## The task
Each line in the material below must be transcribed exactly; no picture belongs in the copy.

## Extracted material
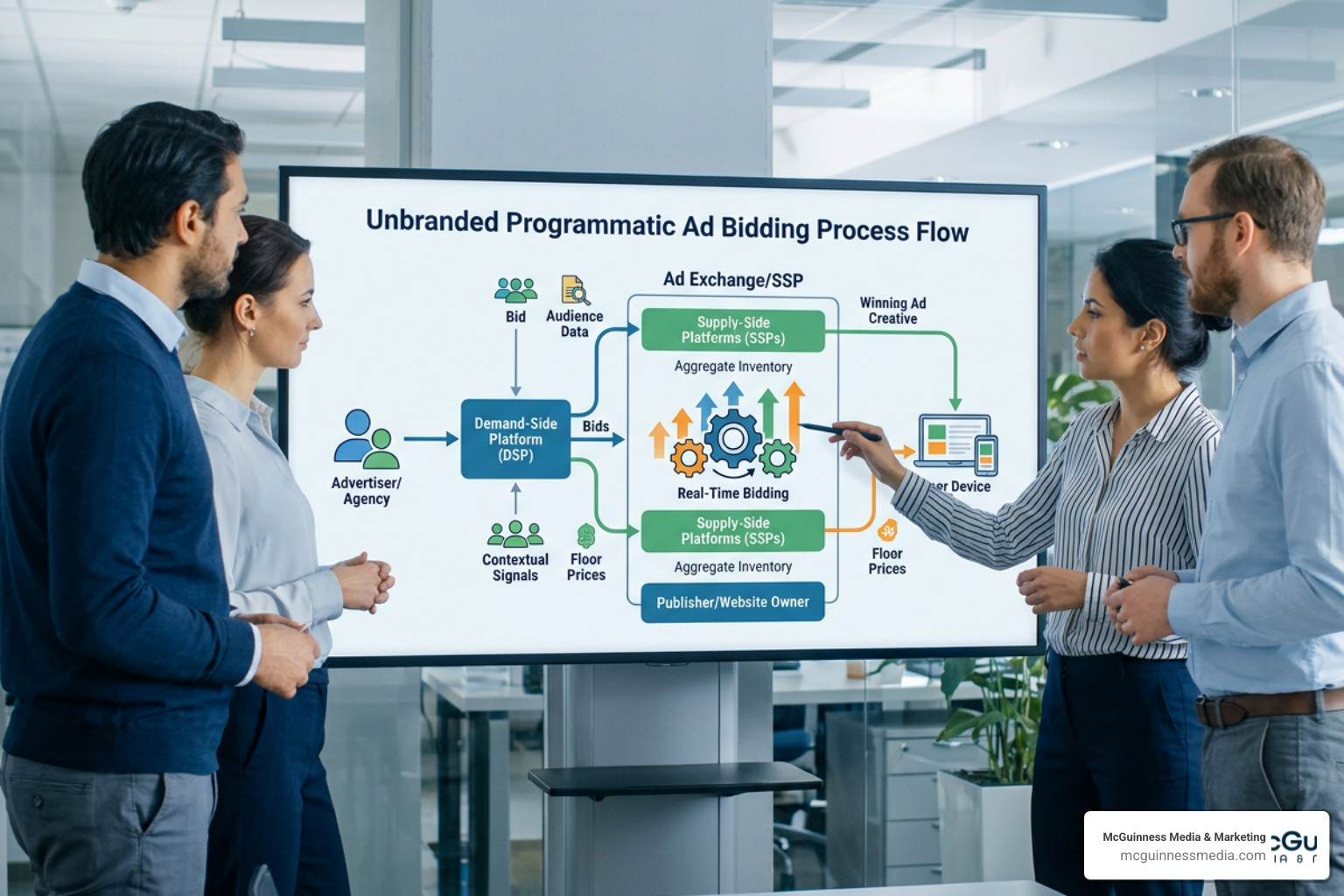 A detailed programmatic ad bidding process flow showing DSPs, SSPs, and real-time bidding A detailed programmatic ad bidding process flow showing DSPs, SSPs, and real-time bidding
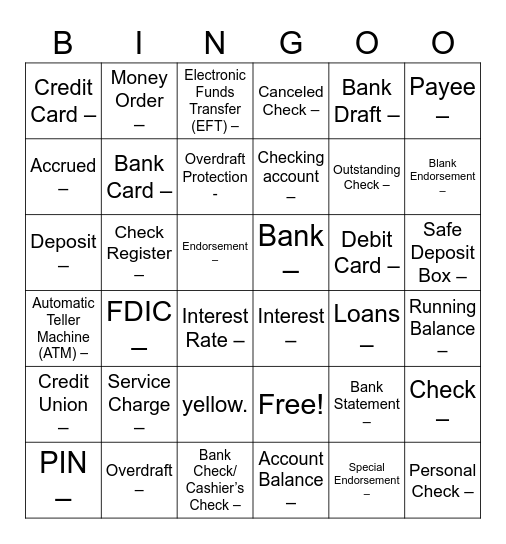 Banking Vocab BINGO! Bingo Card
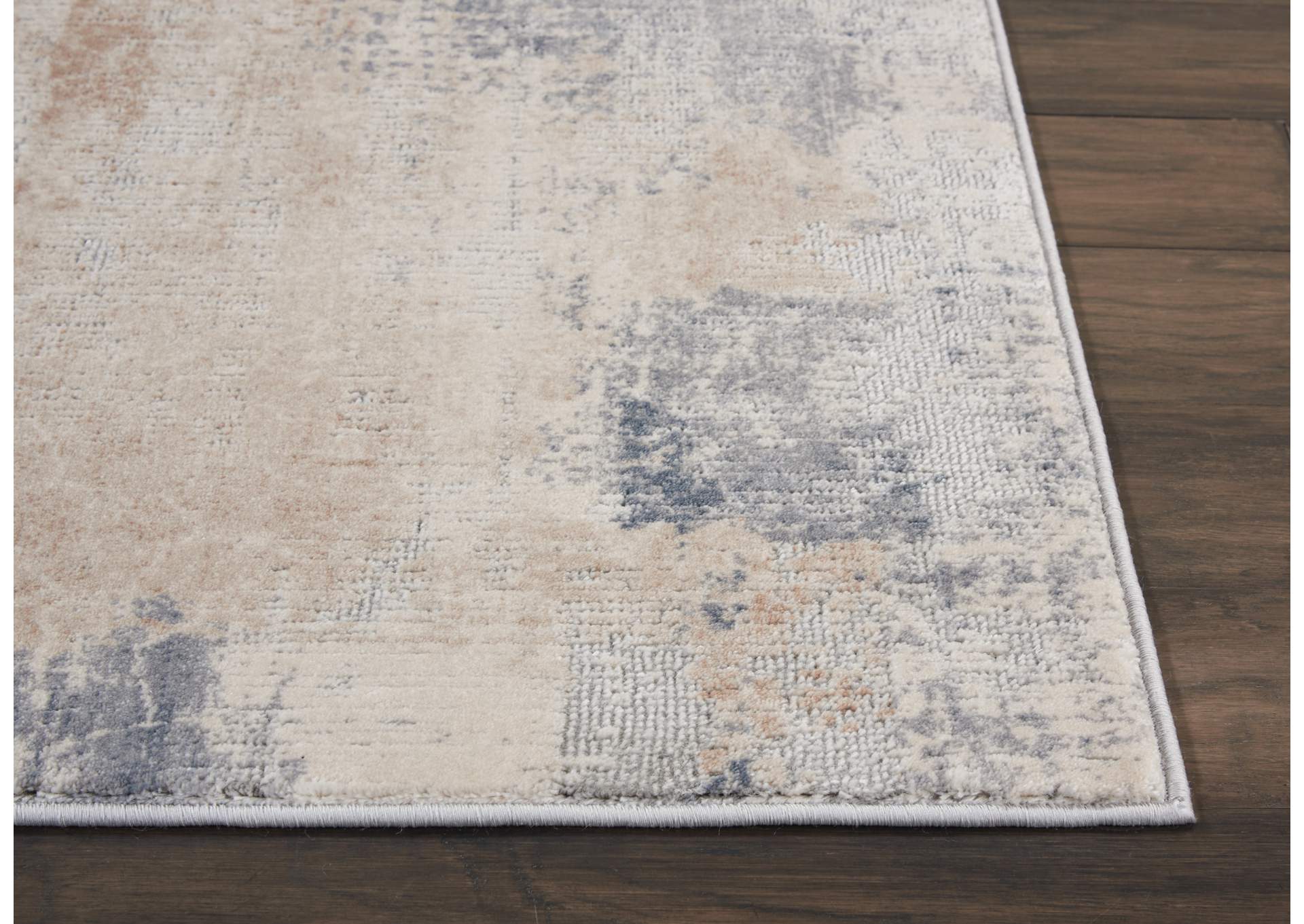 Nourison Rustic Textures RUS02 Beige and Grey 8' Runner Hallway Rug,Nourison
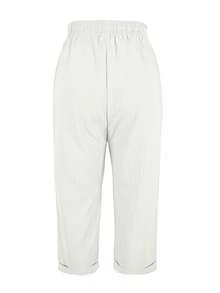 Jisfaneya Solid Color Drawstring Waist Pleated Effect Fabric Gray Straight Leg Capri Pants, Versatile Spring/Summer Capri Pants Suitable For Vacation, Daily Wear And Home - Granny Gray - View 2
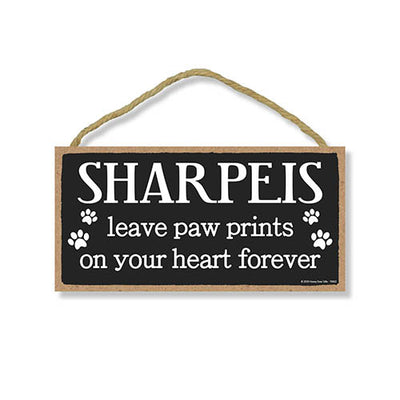 Sharpeis Leave Paw Prints, Wooden Pet Memorial Home Decor, Decorative Bereavement Wall Sign, 5 Inches by 10 Inches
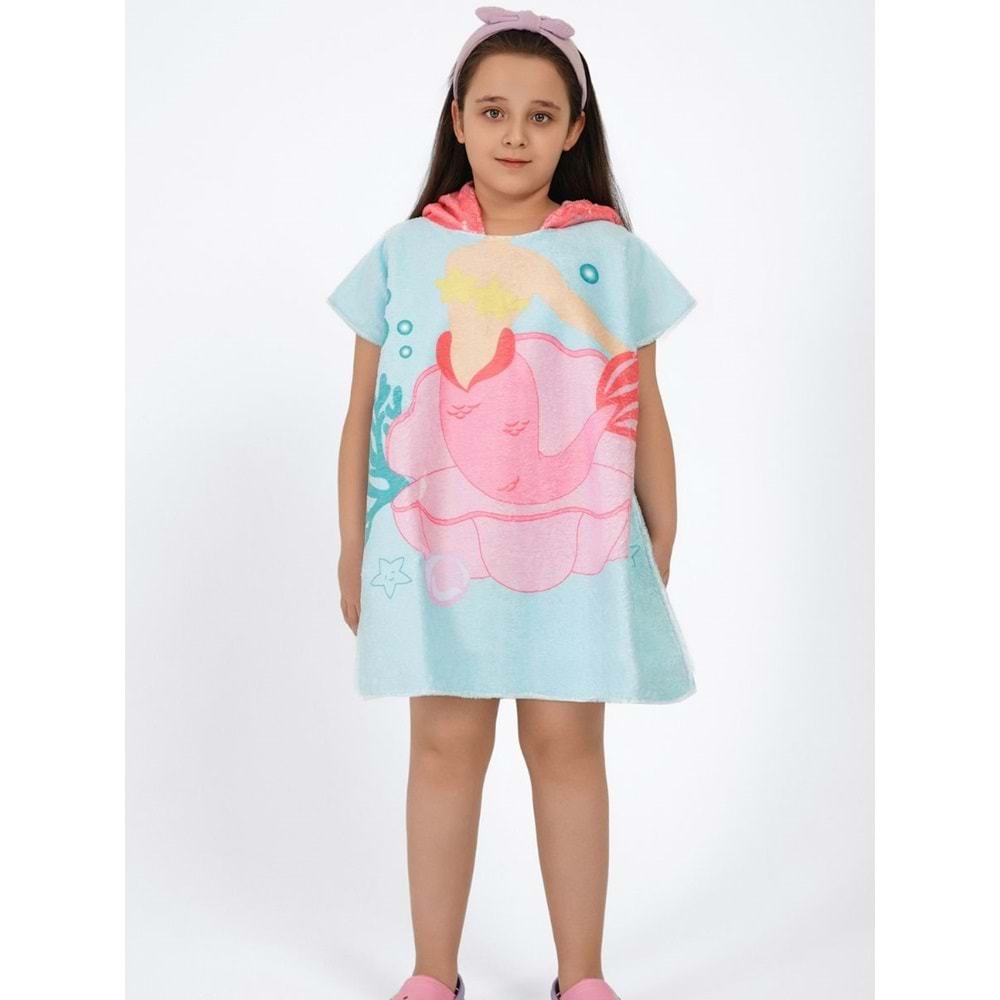 Mermaid Desen Çocuk Panço Plaj Havlusu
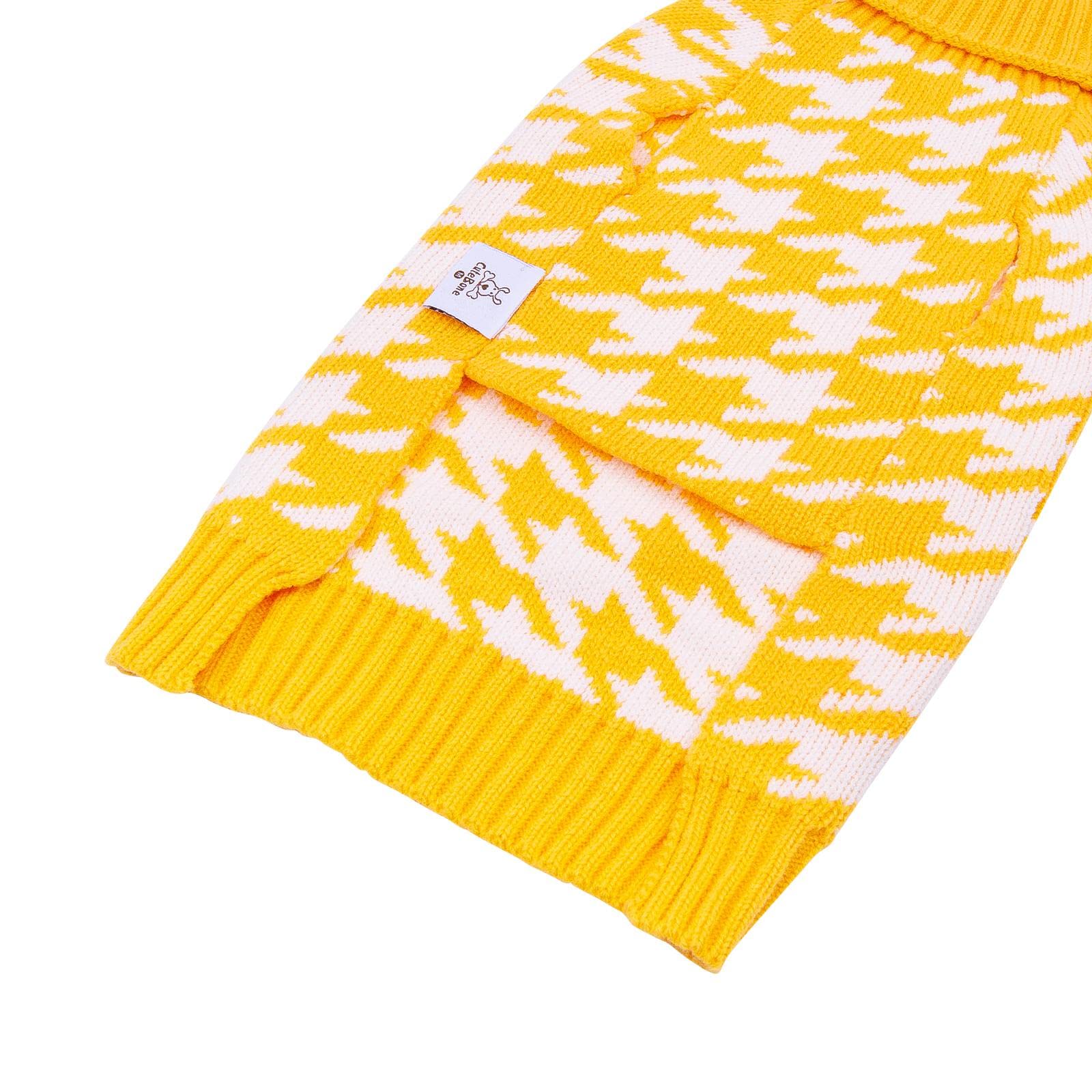 CuteBone Houndstooth Turtleneck Dog Sweater - Warm Winter Pullover for Small Dogs & Cats (Medium Size) | Cozy Pet Clothes for Indoor & Outdoor Activities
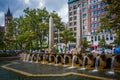 Fountains at Copley Square, in Back Bay, Boston, Massachusetts. Royalty Free Stock Photo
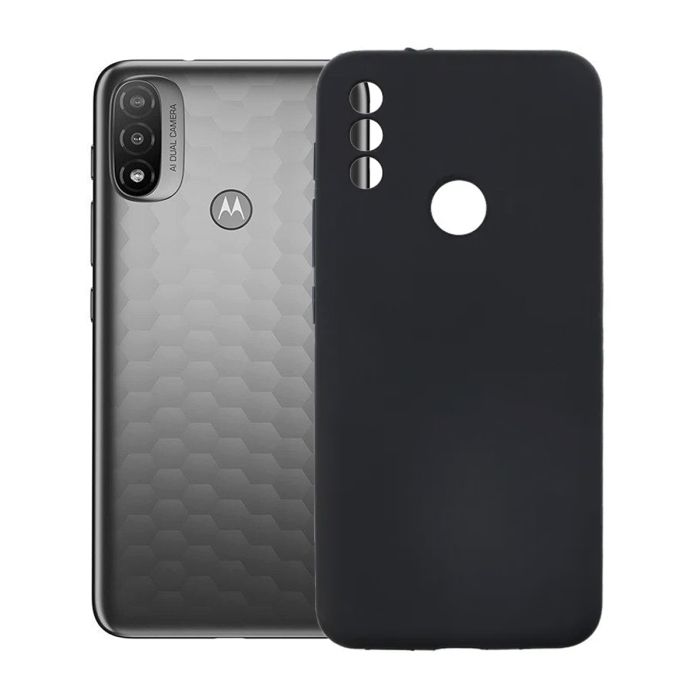 Motorola Moto E20 Silikonskal med Kameraskydd - Svart- G-SP.se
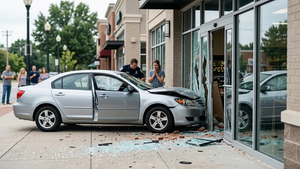 A silver sedan is crashed into the storefront of a local market with shattered glass and debris on the sidewalk.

## Solution to the problem
 A detailed programmatic ad bidding process flow showing DSPs, SSPs, and real-time bidding A detailed programmatic ad bidding process flow showing DSPs, SSPs, and real-time bidding
 Banking Vocab BINGO! Bingo Card
 Nourison Rustic Textures RUS02 Beige and Grey 8' Runner Hallway Rug,Nourison
 Jisfaneya Solid Color Drawstring Waist Pleated Effect Fabric Gray Straight Leg Capri Pants, Versatile Spring/Summer Capri Pants Suitable For Vacation, Daily Wear And Home - Granny Gray - View 2
 Sharpeis Leave Paw Prints, Wooden Pet Memorial Home Decor, Decorative Bereavement Wall Sign, 5 Inches by 10 Inches
 Mermaid Desen Çocuk Panço Plaj Havlusu
 CuteBone Houndstooth Turtleneck Dog Sweater - Warm Winter Pullover for Small Dogs & Cats (Medium Size) | Cozy Pet Clothes for Indoor & Outdoor Activities
 Fountains at Copley Square, in Back Bay, Boston, Massachusetts. Royalty Free Stock Photo
 Motorola Moto E20 Silikonskal med Kameraskydd - Svart- G-SP.se
 A silver sedan is crashed into the storefront of a local market with shattered glass and debris on the sidewalk.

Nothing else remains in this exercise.